A brief recap: Earth has been ruined by man's industrial exploitation, but one keeper of the old ways, Noah, last of Seth, lives in peaceful harmony with the land. (He refuses to kill a scaled dog, a creature that must have missed the Call to the Ark.)

Then Noah (Russell Crowe) receives a vision: that the Creator will destroy the world with a great flood, and that he, his small family and two of every innocent beast and bug will be saved in an ark. Then, Noah and Co. will repopulate the planet and hopefully propagate a better batch of humanity, more respectful of Edenic values.

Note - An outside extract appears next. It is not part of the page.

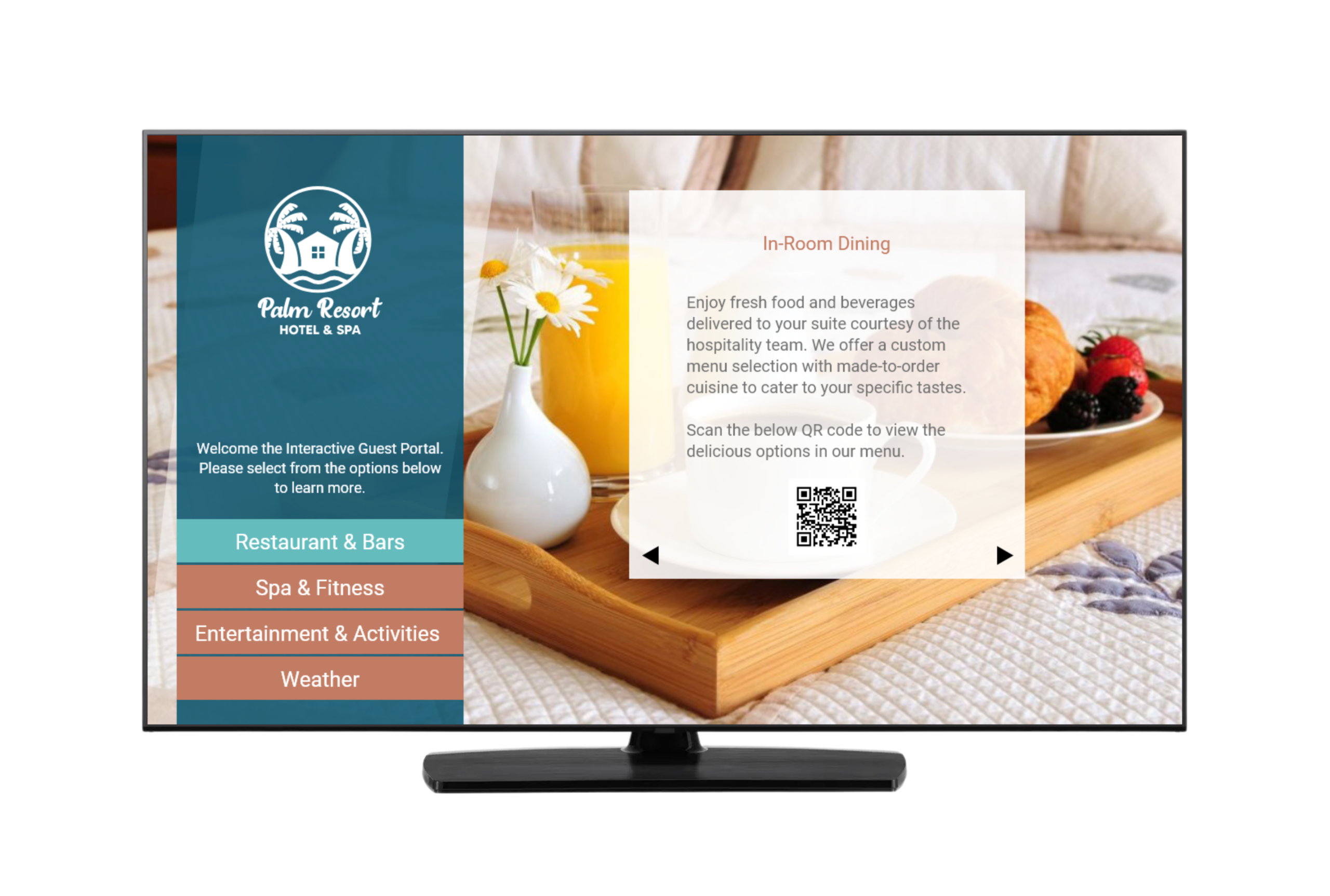 Front view of LG UK570H commercial-grade hotel television with NanoCell panel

Darren Aronofsky's big-budget film is decidedly ambitious: It combines a popular Bible tale, the trappings of an epic dystopic actioner and about a year's worth of discussion regarding man, God, good vs. evil, how we got here, where we're going, environmental stewardship, religious mania, paternalism, vegetarianism, selective infanticide, how lions sail with lambs without eating them and more.

While Noah contains the proverbial boat-load of interesting ideas, the film's allegorical myth-making is often in tension with its literalizing of the same. It wants the majesty of the divine combined with the banality of existence. So a fantastical scene in which all the serpents of the world slither up to the ark in pairs finds Noah's family wrinkling their noses with disgust because snakes. (Snakes: friendless from Day One!) Watching a CGI forest grow from a single seed Noah plants is mesmerizing and awesome, like a sped-up nature film. But watching CGI-created giant rock men (it's a long story; see Book of Enoch) log that same forest inspires laughter.

And with such sprawling ambitions and its jumble of story-telling techniques, Noah is bound to annoy everybody somehow. I found parts of it silly and clich├ęd, but was also intrigued by some of the big messy ideas Aronofsky dragged on board. This is old-school Old Testament — dark, vengeful, blood-soaked — shot through with contemporary controversies about creationism, climate change and exceptionalism. It's flawed, but it gets points for trying.

And despite the sunshine-y (literally) last shot, I'm not sure it's a hopeful or inspiring tale, though it is explicitly cautionary. Noah is left broken by the mission. And despite the global cleansing — spoiler alert — Noah's progeny will struggle to live harmoniously with each other and the natural world. Time to get a really big boat? Discuss.